The team performed an integrative structural and sequence analysis of the mutations cataloged in the Global Initiative on Sharing Avian Influenza Data (GISAID) database to understand the adaptive VOC mutations. All the proteins in the VOCs that were mutated in comparison to the original Wuhan strain were examined using affinity purification mass spectrometry to assess the effect of mutations in protein-coding genes on the protein-protein interactions between the virus and the host.
Furthermore, an integrative computational approach was used to explore the impact of SARS-CoV-2 VOC infections on the host’s cellular biology to understand diverging host responses to viral evolution and identify targets for pan-variant antiviral therapies. Average host responses (AHR) were used to compare VOCs.
The RNA-seq data was used to plot pro-inflammatory gene induction signatures against interferon-stimulated genes to compare immunomodulation across VOCs. Levels of viral protein and RNA were analyzed to explore the association between the expression of viral proteins and the regulation of inflammatory pathways by the VOCs.
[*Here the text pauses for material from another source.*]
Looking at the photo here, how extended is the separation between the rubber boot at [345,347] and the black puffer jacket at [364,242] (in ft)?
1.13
The results indicated that mutations in regions other than the SARS-CoV-2 spike protein sequences could significantly impact the interactions between the virus and the host. The study found VOC-specific differences in the expression levels of viral proteins and RNA, such as nucleocapsids and some Orf regions.
Investigation of host-virus protein-protein interactions revealed that the regulation of biological pathways in the hosts was conserved and divergent for infections with VOCs. Regulation of translational pathways in the host was highly conserved. Still, host inflammatory response modulation varied greatly for different VOCs, with the Alpha and Beta variants antagonizing the interferon-stimulated genes but not the Omicron variant.
The regulation of cellular pathways associated with cytokine and innate immune responses divergent considerably across VOCs, and the authors believe that this ability to modify the host’s innate immunity could explain the sequential replacement of dominant SARS-CoV-2 variants.
The spike protein mutations in the Omicron variants reduced the dependence of viral entry on the serine proteases, but the Omicron variants were not as effective as the Alpha and Delta variants at suppressing the host’s innate immunity. However, the more recent Omicron variants, such as BA.5 showed increased expression of antagonist genes such as Orf6, indicating that after having achieved immune escape, the emergent Omicron variants are evolving under the next strongest selective pressure of suppressing the host’s innate immune responses.
Overall, the results suggested that mutations outside of the spike protein regions significantly influence viral production and transmission. Furthermore, the SARS-CoV-2 variants have divergent protein-protein interactions with the host and different levels of protein expression, which allow them to evade the host’s innate immune responses. Additionally, the study revealed similarly regulated mRNA processing and translational pathways across VOCs that can be targeted for developing pan-variant anti-viral therapies.
bioRxiv publishes preliminary scientific reports that are not peer-reviewed and, therefore, should not be regarded as conclusive, guide clinical practice/health-related behavior, or treated as established information.